Depois é só ir lapidando até ter algo apresentável. Segundo quem? Sim, as vozes da minha cabeça. Quando você sabe que seu texto está pronto? Bom, isso eu ainda não aprendi. Tem dias que estou muito cansado de ver aquelas mesmas palavras, aquela mesma conversa tantas vezes que eu penso, bom, já deu. E sabe mais uma coisa? Não vale nota e nem vou perder de ano ou matéria se atrasar ou se entregar e não estiver tudo corretinho.
Para aqueles que estão sem energia para qualquer esforço extra, outra solução é praticar o desapego. Confesso que mais da metade das vezes é o que faço e não me arrependo. Experimente soltar seus textos no mundo só para ver no que vai dar.
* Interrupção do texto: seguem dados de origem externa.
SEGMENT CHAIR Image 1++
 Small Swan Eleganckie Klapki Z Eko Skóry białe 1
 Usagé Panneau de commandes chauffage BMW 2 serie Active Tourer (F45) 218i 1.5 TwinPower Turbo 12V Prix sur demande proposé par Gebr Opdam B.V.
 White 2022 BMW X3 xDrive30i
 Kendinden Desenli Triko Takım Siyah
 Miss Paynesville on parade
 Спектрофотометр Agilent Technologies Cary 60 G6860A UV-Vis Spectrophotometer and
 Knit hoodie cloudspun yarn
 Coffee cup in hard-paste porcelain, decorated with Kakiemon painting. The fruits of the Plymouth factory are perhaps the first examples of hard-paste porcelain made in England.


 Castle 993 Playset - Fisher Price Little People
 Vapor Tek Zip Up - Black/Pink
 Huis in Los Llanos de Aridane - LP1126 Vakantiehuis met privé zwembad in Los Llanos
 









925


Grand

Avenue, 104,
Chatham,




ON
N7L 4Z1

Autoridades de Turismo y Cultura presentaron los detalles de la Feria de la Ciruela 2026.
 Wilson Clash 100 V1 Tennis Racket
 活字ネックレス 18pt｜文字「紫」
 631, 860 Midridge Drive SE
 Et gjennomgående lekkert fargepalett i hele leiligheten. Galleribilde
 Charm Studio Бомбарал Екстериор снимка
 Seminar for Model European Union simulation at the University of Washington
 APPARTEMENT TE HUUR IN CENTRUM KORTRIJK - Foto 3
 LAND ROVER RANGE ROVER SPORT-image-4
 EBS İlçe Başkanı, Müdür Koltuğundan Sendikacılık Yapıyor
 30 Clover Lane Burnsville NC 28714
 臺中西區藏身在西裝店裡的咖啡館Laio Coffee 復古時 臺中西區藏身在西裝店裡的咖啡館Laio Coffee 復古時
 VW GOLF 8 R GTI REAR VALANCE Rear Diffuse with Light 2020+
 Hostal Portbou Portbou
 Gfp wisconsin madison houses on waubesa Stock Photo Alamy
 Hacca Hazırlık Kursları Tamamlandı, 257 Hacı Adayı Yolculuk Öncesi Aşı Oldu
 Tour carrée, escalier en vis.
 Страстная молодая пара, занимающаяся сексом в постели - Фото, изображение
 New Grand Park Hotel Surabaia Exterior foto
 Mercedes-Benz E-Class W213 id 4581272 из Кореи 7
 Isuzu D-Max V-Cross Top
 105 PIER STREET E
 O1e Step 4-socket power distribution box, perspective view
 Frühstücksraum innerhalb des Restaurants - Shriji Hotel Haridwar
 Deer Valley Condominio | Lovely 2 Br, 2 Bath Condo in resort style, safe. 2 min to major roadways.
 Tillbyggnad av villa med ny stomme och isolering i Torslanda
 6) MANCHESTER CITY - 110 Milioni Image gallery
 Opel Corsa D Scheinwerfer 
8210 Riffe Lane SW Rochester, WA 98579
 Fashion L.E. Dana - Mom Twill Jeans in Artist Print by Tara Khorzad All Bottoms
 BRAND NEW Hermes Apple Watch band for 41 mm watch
Como já diria o saudoso Chorão: “Se for já era!”.

Acredite, sempre tem público para ler o que você escreve. Nem que seja para apenas uma única pessoa, suas palavras vão ‘bater certo’. Alguém vai sentir-se bem por ter lido o que você escreveu. Nem que seja para dizer, “Porra, se ele teve coragem de publicar essa *****, eu também posso ter”.
Nada aqui foi planejado de início, deixei as coisas correrem soltas primeiro para só depois amarrar as pontas. Se na música é mais difícil encontrar uma banda que una todas as tribos, em nossas ideias e textos é mais simples do que parece encontrar o nosso "Norvana" semântico.
Imaginem só comigo
Comecei falando de caos, lembrei de uma série muito querida, de um artista que me acompanhou por muitos anos e, no final, enquanto tentava evitar algumas repetições, ainda aprendi uma nova palavra: Barafunda1.
Não sei você, mas eu gosto mesmo é quando eu não sei aonde vou chegar.
Barafunda: Situação em que não há controle ou ordem, na qual um grupo de pessoas produz tumulto, balbúrdia, pandemônio.
Amei demais a reflexão. Queria muito conseguir lembrar dos meus sonhos, qse sempre esqueço de todos e nem tenho a certeza se sonhei.
Isso de deixar os textos soltos, lembro de quando eu escrevia poesia, fazem mais de dez anos eu curtia muito descarregar tudo o que estava na minha mente.
Quanto ao caos, me identifico, no Notion só consigo colocar as ideias por lá naquelas abas com seta que abrem para digitar o texto, no mais não consigo também organizar muita coisa por lá.
Eita, rapaz, que ri e me identifiquei do início ao fim. Como diz minha terapeuta, vc não entende, mas seu psicanalista sim! Kkkkk
Tô aí com 3 livros iniciados e sem fim, pq o caos é a minha sombra, e se eu organizar e ele me abandonar, viro só a burocrata chata de durante a semana. Quem quer ler parecer? Kkkk
Sucesso pra vc! Adotei sua Alice de tênis laranja (ou ela seria o Coelho?)